Bingnan Mu

Accelerated hydrolysis of substituted cellulose for potential biofuel production: kinetic study and modeling.

In this work, kinetics of substitution accelerated cellulose hydrolysis with multiple reaction stages was investigated to lay foundation for mechanism study and molecular design of substituting compounds. High-efficiency hydrolysis of cellulose is critical for cellulose-based bioethanol production. It is known that, substitution could substantially decrease activation energy and increase reaction rate of acidic hydrolysis of glycosidic bonds in cellulose. However, reaction kinetics and mechanism of the accelerated hydrolysis were not fully revealed. In this research, it was proved that substitution therefore accelerated hydrolysis only occurred in amorphous regions of cellulose fibers, and was a process with multiple reaction stages. With molar ratio of substitution less than 1%, the overall hydrolysis rate could be increased for around 10 times. We also quantified the relationship between the hydrolysis rate of individual reaction stage and its major influences, including molar ratio of substitution, activation energy of acidic hydrolysis, pH and temperature.

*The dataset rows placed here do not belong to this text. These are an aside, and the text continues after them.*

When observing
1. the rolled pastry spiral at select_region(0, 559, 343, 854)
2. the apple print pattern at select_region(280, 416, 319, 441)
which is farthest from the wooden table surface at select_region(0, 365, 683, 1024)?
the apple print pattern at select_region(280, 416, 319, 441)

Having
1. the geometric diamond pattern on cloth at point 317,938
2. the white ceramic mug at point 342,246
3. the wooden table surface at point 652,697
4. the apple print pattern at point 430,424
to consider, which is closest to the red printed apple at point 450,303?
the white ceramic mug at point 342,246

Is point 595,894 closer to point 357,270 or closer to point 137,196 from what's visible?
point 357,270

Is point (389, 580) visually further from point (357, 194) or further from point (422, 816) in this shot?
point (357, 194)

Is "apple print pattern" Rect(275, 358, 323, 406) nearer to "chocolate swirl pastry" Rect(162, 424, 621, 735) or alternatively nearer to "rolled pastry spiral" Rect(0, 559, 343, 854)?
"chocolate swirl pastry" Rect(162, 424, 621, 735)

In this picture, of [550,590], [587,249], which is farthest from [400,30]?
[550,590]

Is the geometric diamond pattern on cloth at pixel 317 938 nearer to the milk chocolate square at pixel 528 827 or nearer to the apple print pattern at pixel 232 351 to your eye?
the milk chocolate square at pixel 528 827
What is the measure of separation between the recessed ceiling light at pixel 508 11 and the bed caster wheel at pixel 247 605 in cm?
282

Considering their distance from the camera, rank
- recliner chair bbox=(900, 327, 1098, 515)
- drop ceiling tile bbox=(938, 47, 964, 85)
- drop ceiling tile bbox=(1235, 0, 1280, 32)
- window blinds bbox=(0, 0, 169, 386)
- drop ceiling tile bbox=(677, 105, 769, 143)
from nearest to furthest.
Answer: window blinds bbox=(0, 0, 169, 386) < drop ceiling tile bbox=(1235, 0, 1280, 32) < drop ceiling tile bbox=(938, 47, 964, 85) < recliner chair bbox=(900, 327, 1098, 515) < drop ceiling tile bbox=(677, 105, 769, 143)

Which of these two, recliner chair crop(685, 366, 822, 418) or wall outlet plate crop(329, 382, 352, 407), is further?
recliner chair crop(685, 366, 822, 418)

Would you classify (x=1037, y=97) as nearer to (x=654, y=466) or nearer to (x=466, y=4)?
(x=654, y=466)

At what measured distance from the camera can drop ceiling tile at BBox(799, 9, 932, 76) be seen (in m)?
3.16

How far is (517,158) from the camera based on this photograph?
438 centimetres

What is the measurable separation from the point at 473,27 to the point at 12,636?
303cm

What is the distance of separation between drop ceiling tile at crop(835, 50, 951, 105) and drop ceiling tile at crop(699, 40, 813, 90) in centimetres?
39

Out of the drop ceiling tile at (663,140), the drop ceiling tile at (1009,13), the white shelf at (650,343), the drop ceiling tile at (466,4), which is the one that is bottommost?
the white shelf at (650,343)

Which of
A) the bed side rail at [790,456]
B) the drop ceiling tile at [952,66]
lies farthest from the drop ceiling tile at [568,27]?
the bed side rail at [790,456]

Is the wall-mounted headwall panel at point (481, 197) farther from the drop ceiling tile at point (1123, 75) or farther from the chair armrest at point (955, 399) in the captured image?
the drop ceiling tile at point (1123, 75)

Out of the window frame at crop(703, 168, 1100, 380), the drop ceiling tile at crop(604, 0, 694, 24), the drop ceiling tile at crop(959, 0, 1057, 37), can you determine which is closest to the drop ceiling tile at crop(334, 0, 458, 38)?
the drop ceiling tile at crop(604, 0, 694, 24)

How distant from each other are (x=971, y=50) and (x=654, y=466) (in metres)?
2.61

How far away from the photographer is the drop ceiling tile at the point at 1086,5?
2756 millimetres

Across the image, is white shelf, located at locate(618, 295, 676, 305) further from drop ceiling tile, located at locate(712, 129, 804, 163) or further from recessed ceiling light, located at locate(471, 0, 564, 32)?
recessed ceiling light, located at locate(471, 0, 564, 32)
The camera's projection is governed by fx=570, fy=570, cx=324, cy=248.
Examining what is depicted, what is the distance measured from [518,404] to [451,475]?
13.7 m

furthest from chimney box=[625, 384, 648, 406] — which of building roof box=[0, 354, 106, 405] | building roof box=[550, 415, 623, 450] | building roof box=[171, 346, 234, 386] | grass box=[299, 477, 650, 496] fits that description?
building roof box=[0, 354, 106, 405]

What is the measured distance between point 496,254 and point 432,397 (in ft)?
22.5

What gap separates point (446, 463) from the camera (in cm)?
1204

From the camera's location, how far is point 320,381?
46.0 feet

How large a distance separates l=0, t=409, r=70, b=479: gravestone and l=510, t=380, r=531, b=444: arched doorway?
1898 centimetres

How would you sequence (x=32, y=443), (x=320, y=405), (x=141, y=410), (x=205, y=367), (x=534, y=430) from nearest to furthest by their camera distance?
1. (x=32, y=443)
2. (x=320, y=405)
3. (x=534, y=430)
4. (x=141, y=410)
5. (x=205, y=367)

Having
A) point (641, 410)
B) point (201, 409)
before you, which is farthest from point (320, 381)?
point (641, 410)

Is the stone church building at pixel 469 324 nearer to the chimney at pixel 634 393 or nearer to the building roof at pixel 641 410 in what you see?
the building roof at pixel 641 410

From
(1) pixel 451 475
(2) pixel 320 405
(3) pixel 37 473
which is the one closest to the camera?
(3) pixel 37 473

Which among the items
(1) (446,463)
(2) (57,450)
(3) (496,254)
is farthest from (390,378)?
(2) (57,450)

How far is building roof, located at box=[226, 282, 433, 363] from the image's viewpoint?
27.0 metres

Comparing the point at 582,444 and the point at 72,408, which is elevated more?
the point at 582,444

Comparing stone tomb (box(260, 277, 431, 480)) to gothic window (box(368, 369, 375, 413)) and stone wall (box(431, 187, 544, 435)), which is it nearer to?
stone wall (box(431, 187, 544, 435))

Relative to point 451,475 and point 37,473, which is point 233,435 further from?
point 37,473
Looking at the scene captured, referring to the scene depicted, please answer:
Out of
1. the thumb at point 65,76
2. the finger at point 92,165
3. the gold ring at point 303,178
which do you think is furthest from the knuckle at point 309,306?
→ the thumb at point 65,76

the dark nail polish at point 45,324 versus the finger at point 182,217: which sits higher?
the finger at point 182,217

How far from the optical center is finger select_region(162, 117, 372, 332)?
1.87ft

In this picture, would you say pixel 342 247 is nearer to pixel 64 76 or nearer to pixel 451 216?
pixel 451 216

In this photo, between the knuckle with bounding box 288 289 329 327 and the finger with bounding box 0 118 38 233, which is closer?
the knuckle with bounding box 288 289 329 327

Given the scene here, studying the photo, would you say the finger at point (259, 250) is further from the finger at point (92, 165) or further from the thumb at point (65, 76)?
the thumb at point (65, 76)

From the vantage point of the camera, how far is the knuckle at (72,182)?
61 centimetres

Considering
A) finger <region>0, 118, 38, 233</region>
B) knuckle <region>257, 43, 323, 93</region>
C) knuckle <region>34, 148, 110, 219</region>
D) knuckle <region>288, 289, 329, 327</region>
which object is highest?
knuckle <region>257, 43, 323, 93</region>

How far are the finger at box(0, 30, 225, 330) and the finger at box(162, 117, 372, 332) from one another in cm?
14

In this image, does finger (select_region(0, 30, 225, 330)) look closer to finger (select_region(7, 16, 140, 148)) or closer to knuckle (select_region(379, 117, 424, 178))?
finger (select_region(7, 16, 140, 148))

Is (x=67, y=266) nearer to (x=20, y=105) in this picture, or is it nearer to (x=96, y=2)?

Green and Sustainable Technology for High-Efficiency and Low-Damage Manipulation of Densely Crosslinked Proteins

A two-step technology using nontoxic and eco-friendly chemicals is developed for the durable setting of densely/highly crosslinked proteins, such as wool and hair. Currently, most technologies for morphological modification are effective only for materials from non-highly-crosslinked proteins and cellulose. Before their morphological change, only water is needed to interrupt hydrogen bonds and ionic linkages, which stabilize the relative positions of molecules in non-highly-crosslinked proteins and cellulose. However, highly crosslinked proteins contain disulfide crosslinks, which are insusceptible to water. Thus, the controlled cleavage of disulfide bonds is required for creating new morphologies of highly crosslinked protein materials, such as hair and wool. Herein, cysteine and citric acid (CA) were used for the two-step setting of highly crosslinked proteins. This recipe showed better morphological change and less mechanical loss than commercial hair styling products. A reaction between CA and keratin was proposed, and verified via NMR and Raman spectra and titration. This technology could be a prospective alternative to achieve durable hair setting, anticrease finishing of wool textiles, and other durable morphological changes needed for highly crosslinked proteins.